1570 wurde die von der Republik Venedig kontrollierte Insel Zypern durch die Osmanen erobert. Unter dem Eindruck dieses Ereignisses suchten die christlichen Mächte auf Vermittlung des Papstes Pius V. die direkte Konfrontation mit dem Osmanischen Reich im östlichen Mittelmeer.
Bis September 1571 versammelte sich die Flotte der christlichen Liga unter dem Oberbefehl von Don Juan d'Austria im Hafen von Messina.
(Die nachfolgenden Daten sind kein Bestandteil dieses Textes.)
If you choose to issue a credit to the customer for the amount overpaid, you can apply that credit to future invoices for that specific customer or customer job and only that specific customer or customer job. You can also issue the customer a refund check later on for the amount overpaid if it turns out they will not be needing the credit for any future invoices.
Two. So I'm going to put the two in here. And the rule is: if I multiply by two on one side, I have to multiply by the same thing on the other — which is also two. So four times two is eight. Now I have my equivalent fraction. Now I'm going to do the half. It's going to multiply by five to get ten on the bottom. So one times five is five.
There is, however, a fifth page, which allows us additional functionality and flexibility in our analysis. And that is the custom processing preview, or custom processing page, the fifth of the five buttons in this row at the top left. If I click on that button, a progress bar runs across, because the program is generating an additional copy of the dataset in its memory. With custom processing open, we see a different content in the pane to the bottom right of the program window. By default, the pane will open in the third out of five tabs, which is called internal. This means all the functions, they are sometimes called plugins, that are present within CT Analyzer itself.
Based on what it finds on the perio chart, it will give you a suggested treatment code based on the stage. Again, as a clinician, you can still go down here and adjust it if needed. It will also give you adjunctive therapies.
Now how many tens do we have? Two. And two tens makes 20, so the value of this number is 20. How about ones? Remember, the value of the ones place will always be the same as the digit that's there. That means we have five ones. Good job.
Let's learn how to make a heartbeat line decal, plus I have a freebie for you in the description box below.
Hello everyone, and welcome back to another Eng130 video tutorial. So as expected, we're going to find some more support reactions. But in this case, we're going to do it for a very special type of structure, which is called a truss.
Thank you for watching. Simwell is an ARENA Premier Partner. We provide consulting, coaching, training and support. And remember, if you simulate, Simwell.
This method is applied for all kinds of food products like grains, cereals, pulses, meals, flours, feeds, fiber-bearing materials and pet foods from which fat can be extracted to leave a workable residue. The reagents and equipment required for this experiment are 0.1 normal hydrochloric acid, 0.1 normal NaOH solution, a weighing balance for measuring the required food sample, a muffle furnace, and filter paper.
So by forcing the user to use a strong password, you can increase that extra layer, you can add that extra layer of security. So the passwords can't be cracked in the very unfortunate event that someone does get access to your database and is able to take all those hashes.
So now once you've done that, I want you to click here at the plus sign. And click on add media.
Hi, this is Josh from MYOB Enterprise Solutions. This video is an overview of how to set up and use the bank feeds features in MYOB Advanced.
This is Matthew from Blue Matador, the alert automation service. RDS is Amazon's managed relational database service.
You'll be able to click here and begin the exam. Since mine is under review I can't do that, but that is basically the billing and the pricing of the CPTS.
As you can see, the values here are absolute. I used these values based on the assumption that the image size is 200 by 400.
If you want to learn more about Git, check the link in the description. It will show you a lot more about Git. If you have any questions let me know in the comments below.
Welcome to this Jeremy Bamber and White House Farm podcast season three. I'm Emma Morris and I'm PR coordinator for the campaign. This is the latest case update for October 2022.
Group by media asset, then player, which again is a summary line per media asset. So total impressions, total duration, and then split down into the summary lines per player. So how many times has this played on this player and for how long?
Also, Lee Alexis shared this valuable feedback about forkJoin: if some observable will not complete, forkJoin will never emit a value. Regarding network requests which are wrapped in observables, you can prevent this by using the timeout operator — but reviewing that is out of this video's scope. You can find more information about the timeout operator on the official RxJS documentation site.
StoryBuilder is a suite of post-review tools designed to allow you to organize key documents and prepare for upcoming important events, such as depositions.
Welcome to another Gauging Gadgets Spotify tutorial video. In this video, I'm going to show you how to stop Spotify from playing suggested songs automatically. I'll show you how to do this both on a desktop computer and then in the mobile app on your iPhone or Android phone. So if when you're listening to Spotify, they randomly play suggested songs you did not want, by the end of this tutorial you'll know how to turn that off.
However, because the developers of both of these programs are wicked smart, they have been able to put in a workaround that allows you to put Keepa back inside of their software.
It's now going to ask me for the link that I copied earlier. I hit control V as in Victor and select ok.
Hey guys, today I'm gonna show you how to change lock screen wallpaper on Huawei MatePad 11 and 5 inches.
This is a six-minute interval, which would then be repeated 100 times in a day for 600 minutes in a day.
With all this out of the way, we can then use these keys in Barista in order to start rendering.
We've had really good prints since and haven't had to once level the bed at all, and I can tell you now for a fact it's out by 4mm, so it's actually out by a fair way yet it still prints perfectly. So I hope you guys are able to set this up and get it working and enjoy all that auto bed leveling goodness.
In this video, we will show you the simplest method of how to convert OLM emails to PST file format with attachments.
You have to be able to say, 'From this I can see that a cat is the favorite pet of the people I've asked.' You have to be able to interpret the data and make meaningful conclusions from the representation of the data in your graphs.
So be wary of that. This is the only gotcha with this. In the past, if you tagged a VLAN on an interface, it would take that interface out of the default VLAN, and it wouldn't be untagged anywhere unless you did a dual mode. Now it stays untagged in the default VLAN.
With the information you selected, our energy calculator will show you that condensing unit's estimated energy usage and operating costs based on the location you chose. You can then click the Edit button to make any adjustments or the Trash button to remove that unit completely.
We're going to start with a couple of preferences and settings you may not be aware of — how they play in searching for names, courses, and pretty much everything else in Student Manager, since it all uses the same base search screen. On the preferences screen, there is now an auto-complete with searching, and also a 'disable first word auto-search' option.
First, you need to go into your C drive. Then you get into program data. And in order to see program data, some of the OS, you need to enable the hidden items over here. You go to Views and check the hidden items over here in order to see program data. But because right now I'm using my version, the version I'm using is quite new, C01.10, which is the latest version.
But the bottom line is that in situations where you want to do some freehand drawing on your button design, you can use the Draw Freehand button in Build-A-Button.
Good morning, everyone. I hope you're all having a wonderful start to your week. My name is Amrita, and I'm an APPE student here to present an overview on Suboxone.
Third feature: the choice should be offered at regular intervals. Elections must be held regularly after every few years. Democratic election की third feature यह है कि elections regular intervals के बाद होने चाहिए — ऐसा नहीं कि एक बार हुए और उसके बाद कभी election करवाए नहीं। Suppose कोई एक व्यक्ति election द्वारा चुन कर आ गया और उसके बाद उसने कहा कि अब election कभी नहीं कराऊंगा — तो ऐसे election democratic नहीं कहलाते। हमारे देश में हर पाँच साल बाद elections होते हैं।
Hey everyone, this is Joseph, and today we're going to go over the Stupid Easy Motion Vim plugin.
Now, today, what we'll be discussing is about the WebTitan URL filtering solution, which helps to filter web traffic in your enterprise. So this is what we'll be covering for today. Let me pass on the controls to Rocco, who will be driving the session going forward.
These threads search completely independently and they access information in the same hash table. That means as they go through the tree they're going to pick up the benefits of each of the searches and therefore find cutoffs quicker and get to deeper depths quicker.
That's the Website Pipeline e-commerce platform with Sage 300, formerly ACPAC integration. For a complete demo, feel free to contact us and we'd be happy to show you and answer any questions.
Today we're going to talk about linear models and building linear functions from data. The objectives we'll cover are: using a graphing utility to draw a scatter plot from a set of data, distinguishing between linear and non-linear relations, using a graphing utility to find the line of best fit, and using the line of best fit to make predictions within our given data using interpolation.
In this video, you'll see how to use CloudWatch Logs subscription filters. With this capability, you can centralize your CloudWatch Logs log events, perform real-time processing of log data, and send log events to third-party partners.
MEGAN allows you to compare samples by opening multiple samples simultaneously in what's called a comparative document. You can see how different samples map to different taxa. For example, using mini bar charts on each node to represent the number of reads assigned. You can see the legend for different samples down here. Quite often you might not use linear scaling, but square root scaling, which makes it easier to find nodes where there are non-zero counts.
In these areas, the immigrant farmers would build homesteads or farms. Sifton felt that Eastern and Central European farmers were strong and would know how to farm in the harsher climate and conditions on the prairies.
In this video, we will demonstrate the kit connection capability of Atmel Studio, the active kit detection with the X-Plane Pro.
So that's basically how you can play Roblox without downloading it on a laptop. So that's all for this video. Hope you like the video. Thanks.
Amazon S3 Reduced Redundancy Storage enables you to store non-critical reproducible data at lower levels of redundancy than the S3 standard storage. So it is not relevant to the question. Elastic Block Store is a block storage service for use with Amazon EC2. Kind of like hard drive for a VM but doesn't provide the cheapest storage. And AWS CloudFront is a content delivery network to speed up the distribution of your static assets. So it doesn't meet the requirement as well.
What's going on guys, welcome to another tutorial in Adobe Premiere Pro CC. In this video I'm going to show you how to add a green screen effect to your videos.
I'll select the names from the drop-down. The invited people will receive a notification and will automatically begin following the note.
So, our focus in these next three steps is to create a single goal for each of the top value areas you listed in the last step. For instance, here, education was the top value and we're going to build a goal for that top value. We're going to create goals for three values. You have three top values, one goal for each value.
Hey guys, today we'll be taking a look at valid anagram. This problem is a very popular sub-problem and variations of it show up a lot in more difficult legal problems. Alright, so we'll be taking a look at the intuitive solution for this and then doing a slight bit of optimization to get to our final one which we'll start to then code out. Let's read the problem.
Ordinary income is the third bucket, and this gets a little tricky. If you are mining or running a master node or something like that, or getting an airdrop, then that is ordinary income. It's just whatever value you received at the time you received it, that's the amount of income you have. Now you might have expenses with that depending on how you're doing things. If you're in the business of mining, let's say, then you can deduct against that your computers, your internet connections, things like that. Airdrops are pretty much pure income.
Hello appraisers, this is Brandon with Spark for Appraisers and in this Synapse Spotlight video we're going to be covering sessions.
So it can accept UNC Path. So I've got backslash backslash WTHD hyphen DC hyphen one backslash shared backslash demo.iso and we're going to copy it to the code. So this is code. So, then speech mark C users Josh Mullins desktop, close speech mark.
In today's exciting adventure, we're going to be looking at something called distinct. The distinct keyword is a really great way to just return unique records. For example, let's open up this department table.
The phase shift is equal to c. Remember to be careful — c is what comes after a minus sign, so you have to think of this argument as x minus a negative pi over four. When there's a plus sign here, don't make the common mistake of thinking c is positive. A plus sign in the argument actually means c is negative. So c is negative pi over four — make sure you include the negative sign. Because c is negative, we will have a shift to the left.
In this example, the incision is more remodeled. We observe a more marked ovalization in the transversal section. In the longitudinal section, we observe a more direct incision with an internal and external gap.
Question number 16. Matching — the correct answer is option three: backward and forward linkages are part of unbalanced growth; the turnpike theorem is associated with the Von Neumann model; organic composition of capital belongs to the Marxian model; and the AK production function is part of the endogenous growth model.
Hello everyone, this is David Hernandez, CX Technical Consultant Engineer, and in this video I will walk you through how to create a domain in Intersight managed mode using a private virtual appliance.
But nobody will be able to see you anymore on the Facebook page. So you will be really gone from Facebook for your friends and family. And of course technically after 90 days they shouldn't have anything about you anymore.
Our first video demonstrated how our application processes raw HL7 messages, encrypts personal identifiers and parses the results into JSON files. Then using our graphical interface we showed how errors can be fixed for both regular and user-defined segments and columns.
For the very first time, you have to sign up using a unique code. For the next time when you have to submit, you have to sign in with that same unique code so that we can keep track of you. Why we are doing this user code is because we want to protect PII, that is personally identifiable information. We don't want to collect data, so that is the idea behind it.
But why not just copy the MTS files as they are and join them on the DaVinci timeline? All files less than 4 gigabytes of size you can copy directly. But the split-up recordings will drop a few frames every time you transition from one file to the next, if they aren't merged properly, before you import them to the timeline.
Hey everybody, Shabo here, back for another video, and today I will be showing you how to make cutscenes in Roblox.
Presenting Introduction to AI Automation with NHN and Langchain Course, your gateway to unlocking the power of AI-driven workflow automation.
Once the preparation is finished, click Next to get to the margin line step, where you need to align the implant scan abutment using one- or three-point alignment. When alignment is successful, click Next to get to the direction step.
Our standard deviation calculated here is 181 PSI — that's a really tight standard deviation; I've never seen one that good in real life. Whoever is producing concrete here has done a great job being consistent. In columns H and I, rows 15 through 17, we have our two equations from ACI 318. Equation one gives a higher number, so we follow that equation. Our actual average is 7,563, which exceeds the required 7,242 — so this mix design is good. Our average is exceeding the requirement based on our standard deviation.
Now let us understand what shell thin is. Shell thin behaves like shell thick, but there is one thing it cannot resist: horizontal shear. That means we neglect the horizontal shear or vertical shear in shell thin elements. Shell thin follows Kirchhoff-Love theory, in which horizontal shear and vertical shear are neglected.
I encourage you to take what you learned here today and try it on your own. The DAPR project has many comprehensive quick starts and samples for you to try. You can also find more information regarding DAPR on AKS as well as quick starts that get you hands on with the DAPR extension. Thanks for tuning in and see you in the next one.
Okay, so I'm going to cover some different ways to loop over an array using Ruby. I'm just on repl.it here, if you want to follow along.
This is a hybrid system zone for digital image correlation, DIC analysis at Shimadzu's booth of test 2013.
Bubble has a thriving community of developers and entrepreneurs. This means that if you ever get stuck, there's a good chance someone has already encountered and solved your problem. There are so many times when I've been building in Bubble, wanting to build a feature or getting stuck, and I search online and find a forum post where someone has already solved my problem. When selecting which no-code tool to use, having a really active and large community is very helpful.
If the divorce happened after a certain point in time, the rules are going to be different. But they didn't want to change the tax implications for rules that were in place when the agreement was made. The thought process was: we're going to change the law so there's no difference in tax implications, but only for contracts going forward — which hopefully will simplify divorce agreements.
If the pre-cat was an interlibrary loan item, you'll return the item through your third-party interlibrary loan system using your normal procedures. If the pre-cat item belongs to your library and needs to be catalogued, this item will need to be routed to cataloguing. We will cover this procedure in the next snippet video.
Von insgesamt 213 Schiffen stellten die Venezianer mit 105 Galeeren das größte Kontingent.
Nach dem gemeldeten Anmarsch der christlichen Flotte zog sich die osmanische Flotte über die Bucht von Lepanto (dem heutigen Naupaktos) in den Golf zurück und versammelte 255 Galeeren, mit rund 80.000 Mann Besatzung (davon 34.000 Soldaten) an Bord. Am 07. Oktober 1571 fand dann die größte Galeerenseeschlacht aller Zeiten im Golf von Korinth statt.
Nach fünfeinhalb Stunden Kampf war die Schlacht für die Heilige Liga gewonnen. 117 feindliche Galeeren waren erbeutet, mehr als 30.000 gegnerische Soldaten getötet worden. Die osmanische Flotte setzte 30 ihrer Schiffe selbst auf Grund, über 60 weitere wurden versenkt. 12.000 christliche Rudersklaven wurden aus den eroberten Galeeren befreit. Damit war der Nimbus der Unbesiegbarkeit der osmanischen Mittelmeerflotte gebrochen.
Die Schlacht vor Lepanto führte zu einer Bereinigung der Einflusssphären im Mittelmeer. Die Osmanen beschränkten sich danach auf die Sicherung ihrer Vormachtstellung im östlichen Teil.